Which approaches exist for optimization in machine learning

gradient descentmachine learningoptimizationregression

From this blog post:

For any Optimization problem with respect to Machine Learning, there can be either a numerical approach or an analytical approach. The numerical problems are Deterministic, meaning that they have a closed form solution which doesn’t change. Hence it is also called time invariant problems. These closed form solutions are solvable analytically. But these are not optimization problems.

My interpretation of this text is that the author considers that there are two types of approaches for optimization problems under machine learning:

  • Numerical approach, for which we can compute solutions directly because they have a closed form solution (e.g. linear regression with least squares)
  • Optimization(?)/analytical approach, wherein we try to approximate a good solution (e.g. gradient descent)

This doesn't, however, seem correct. We analytically differentiate the sum of squares expression to obtain its closed form, right? The last sentence of the accepted answer in this post also seems to imply that gradient descent is a numerical method.

Question: Is the categorization above correct?

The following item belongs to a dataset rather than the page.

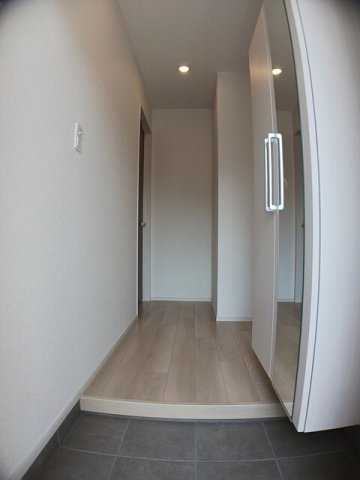 アイリス　ガーデンの玄関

If not, what would be the correct taxonomy for problems in machine learning?

Thank you in advance!

Best Answer

Towards Data Science isn't a reliable website, and the text you've quoted is, unfortunately, nonsense.

For any Optimization problem with respect to Machine Learning, there can be either a numerical approach or an analytical approach. The numerical problems are Deterministic, meaning that they have a closed form solution which doesn’t change. [...] These closed form solutions are solvable analytically. But these are not optimization problems.

What they meant to say, I hope, is that "analytical problems are Determinstic [...]", etc.

I won't explain the difference between analytic and numeric approaches here, because there are lots of good sources, but going by this paragraph I'm going to say the post you read isn't one of them.


EDIT: OK, I'll explain a bit

Part of the problem is that there are a lot of partially overlapping terms. Very roughly speaking, you have:

  • Models where you can directly calculate the parameters: AKA closed-form solutions, analytical or analytic solutions, or sometimes algebraic solutions.
  • Models where you have to use an iterative algorithm to fit the parameters. All such models are numerical, but
    • They might be deterministic (no randomness), like batch gradient descent with fixed starting points, or stochastic (random), like stochastic gradient descent.
    • They might always reach the best value (convex optimisation), or might have a risk of getting stuck at local optima (non-convex optimisation)

There are plenty of other ways to slice this up, but these should be plenty to get started!